This is just an impression, but perhaps someday some bored academic can do a survey. I'm think there are plenty of "subgenre" writers who actually don't participate in their subgenre as readers but only as writers. They are singing in the shower, their voice is in the shower reverberating off the tiles as it were, but their mind is at the Met. But here's the difference: They would like you to come into their bathroom to hear and watch, though a reciprocal invitation would be treated as the most awful joke.

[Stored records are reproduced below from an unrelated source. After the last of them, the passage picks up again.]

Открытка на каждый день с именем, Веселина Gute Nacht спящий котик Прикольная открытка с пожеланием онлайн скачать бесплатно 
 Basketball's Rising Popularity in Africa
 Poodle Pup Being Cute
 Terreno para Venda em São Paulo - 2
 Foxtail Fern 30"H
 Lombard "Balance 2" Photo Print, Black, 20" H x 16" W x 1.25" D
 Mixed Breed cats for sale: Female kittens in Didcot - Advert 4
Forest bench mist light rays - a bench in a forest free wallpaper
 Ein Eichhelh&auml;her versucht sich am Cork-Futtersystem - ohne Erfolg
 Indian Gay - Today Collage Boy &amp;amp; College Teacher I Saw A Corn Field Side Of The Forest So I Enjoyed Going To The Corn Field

Perhaps, a more pertinent illustration would help. Back in the days when I was trying to get my poetry into the little magazines -- and the littler and the more obscure the better, since I understood the less competition the more likely my submission would be accepted -- I found it painful to read any of the poetry in these small obscure magazines. I was reading pretty much "famous" poetry. As a literary critic, I was pretty much functioning like one of a cow's subordinate stomachs. I wasn't sure I was capable of discriminating among varieties of grass. I was satisfied with cud.
I'm wandering off the point. The point is that I was writing one kind of poetry, and that poetry, when I succeeded in placing it, was embedded in a matrix containing the very same kind of poetry, none of which I could bear to peruse for more than a minute if I hadn't written it.
The point is that I very much love my little blog, but it doesn't make me want to read most other people's blogs. There. That's clear enough.
I go up to the little icon in the upper right corner of this page and I click blindly through a dozen of the millions of other blogs hosted by this exceedingly charitable site. I have yet to stumble upon one that I've bookmarked and returned to. Indeed, I've yet to find through any means a blog I liked that was a) NOT political; b) NOT informational, that is, not designed to collect and disseminate facts and insight about some place, thing or activity, the expressive qualities of that dissemination of quite secondary importance; c) NOT written by a personal friend -- I've yet to find a blog outside any of these three categories to which I have ever returned.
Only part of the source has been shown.